[Data provided]
=-=-=-=-=

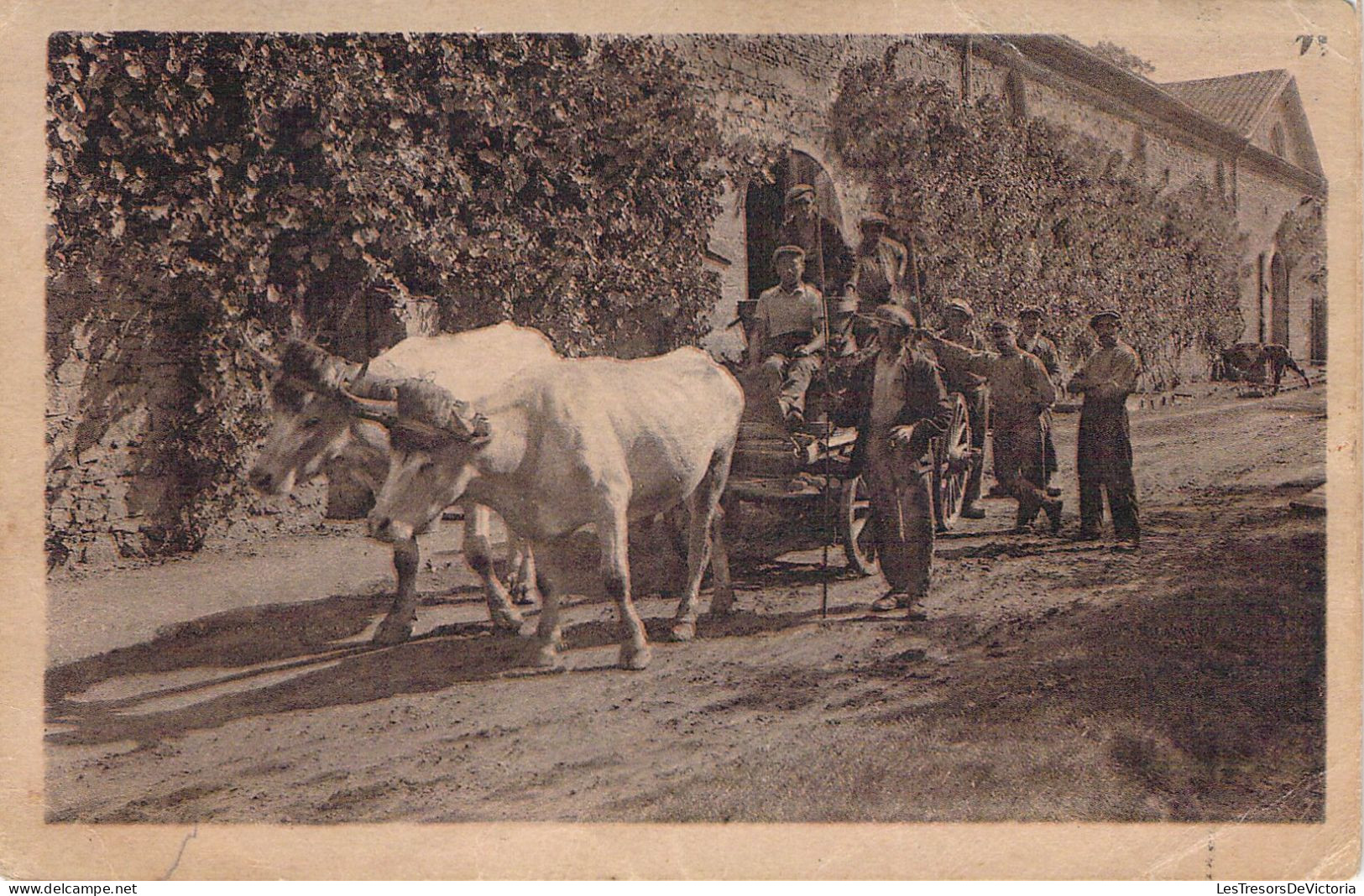 AGRICULTURE - Attelage - Les Vendanges - Le Transport Du Raisin - Carte Postale Ancienne - Wagengespanne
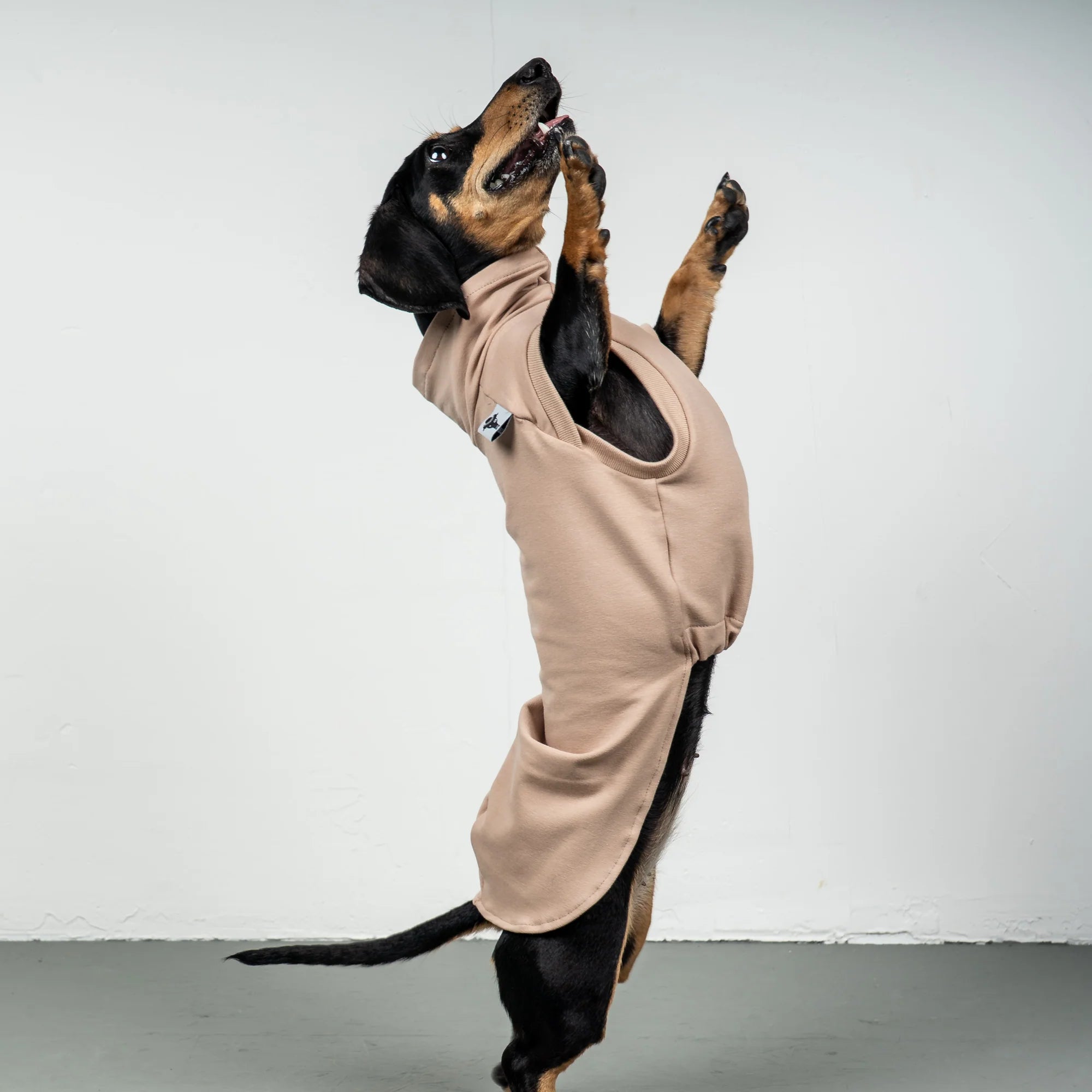 Karma-Hund-Baumwollshirt-Dackel-Puder-Beige-3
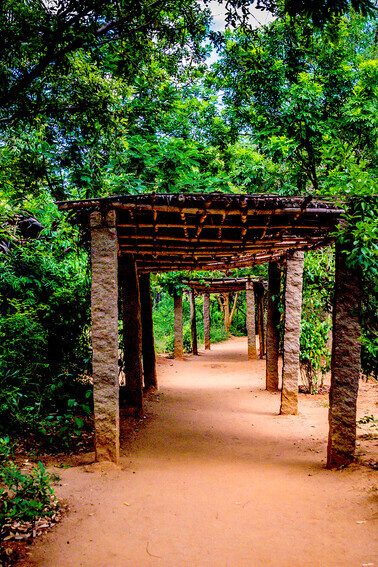 Since its establishment in 2000, the 50-acre Botanical Gardens have grown into a vibrant space featuring over 1,300 plant species organized in themed displays. The gardens also include a herbarium, a high-capacity plant nursery, and several venues for hosting educational workshops and training events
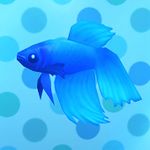 Blue Betta.jpg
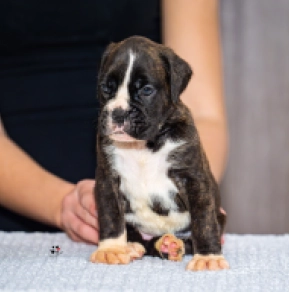 Boxer puppy for sale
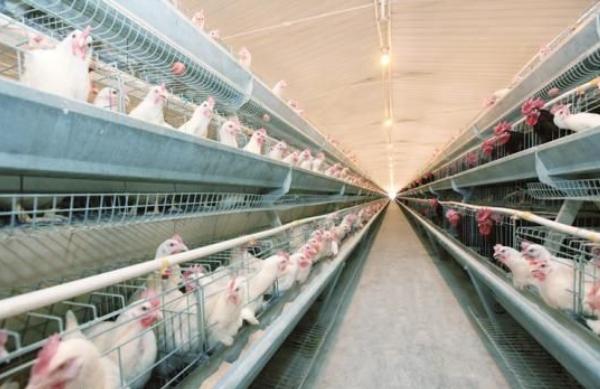 養蛋雞需要那些條件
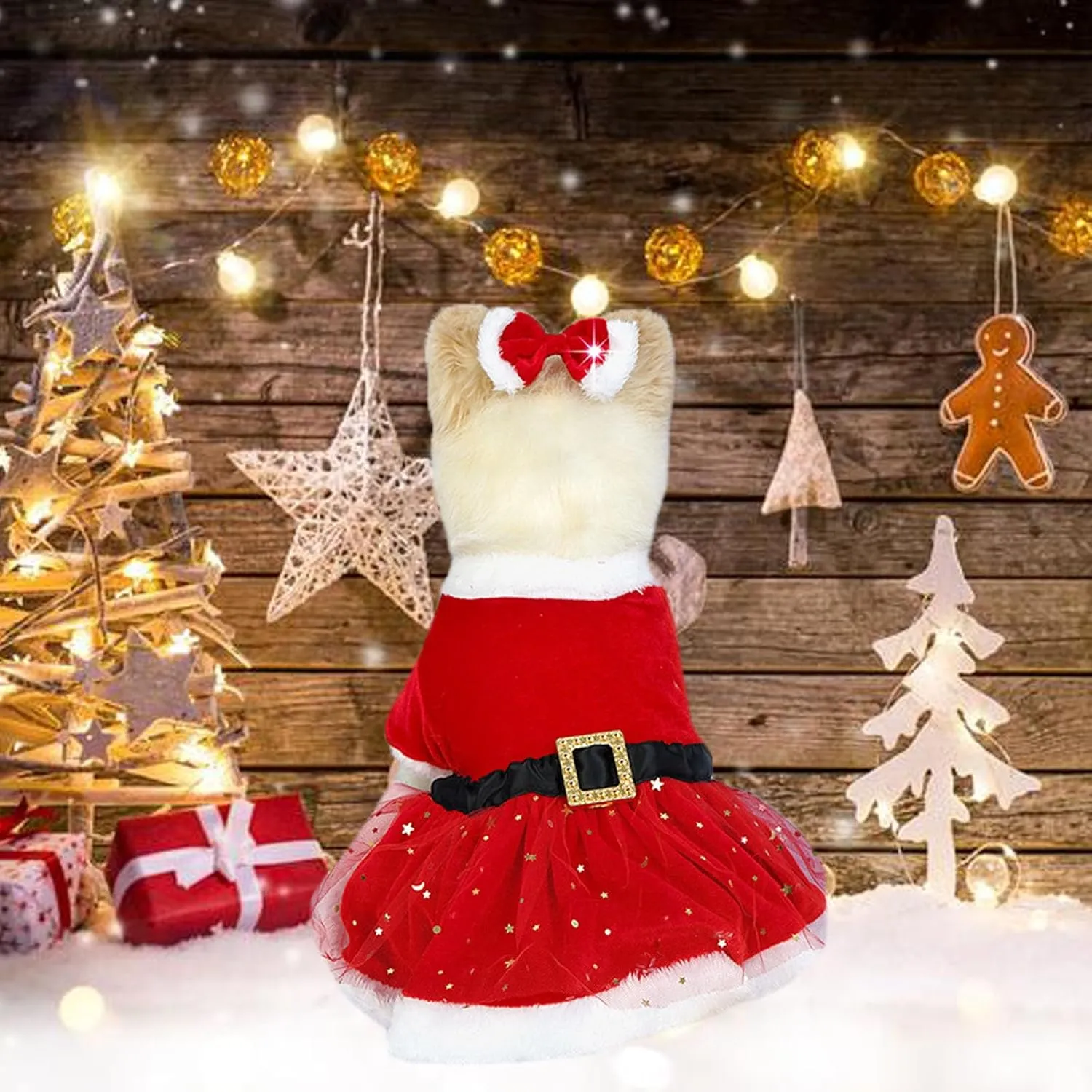 Christmas Pet Costume - Tulle Dress, Cat & Dog Clothes, Red Velvet Skirt, Santa Outfit, Xmas Coat (Small)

=-=-=-=-=

[Task to carry out] Only the lines from the line with "Blue Betta.jpg" through the final line of the material belong in the answer, copied exactly and without pictures.

[Your solution]
 Blue Betta.jpg
 Boxer puppy for sale
 養蛋雞需要那些條件
 Christmas Pet Costume - Tulle Dress, Cat & Dog Clothes, Red Velvet Skirt, Santa Outfit, Xmas Coat (Small)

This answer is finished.